■ **REQUIRED WORK**: Below is a listing with pictures in it; transcribe exactly the lines from the one that has "Four Ronaldsey sheep" through the one that has "EUKALIPTUS GAŁĄZKA EUKALIPTUSA", and omit those pictures.

----

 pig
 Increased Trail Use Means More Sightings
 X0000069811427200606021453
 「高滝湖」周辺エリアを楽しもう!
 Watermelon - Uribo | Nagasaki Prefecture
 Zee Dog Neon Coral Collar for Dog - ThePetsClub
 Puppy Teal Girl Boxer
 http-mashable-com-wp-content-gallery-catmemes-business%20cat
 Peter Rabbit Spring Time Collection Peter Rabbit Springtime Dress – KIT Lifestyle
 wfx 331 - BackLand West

----

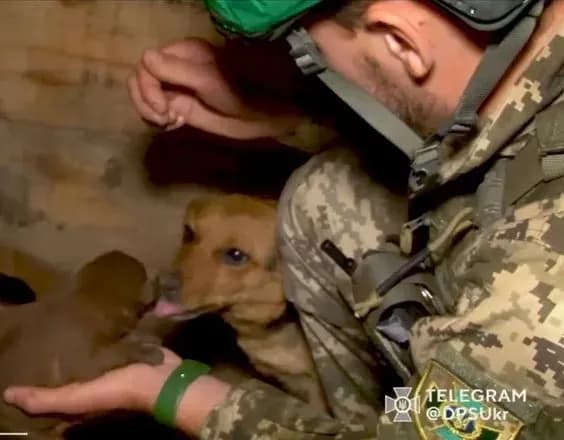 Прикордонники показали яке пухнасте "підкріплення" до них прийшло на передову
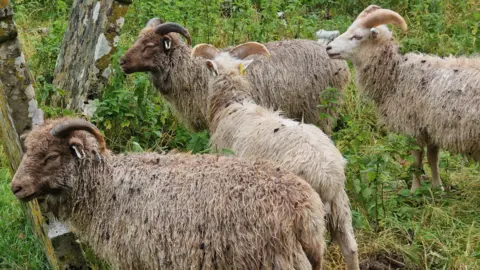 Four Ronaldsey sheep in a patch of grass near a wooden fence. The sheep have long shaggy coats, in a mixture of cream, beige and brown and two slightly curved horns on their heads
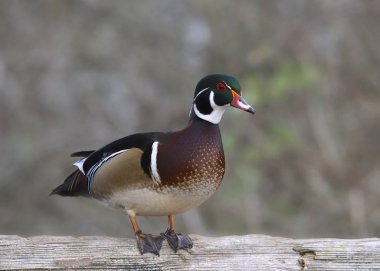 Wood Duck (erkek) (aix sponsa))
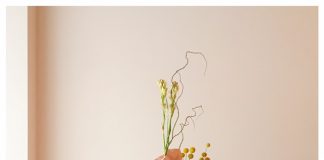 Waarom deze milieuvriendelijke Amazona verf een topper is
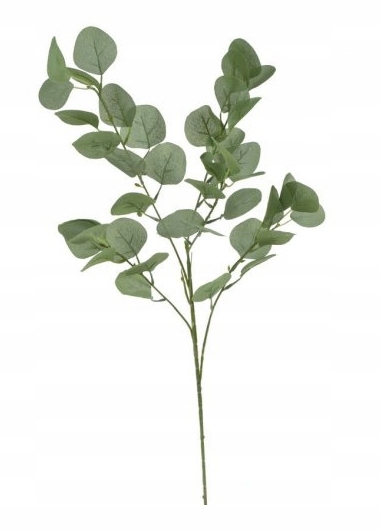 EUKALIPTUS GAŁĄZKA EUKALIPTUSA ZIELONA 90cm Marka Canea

----

■ **REPLY**:
 Four Ronaldsey sheep in a patch of grass near a wooden fence. The sheep have long shaggy coats, in a mixture of cream, beige and brown and two slightly curved horns on their heads
 Wood Duck (erkek) (aix sponsa))
 Waarom deze milieuvriendelijke Amazona verf een topper is
 EUKALIPTUS GAŁĄZKA EUKALIPTUSA ZIELONA 90cm Marka Canea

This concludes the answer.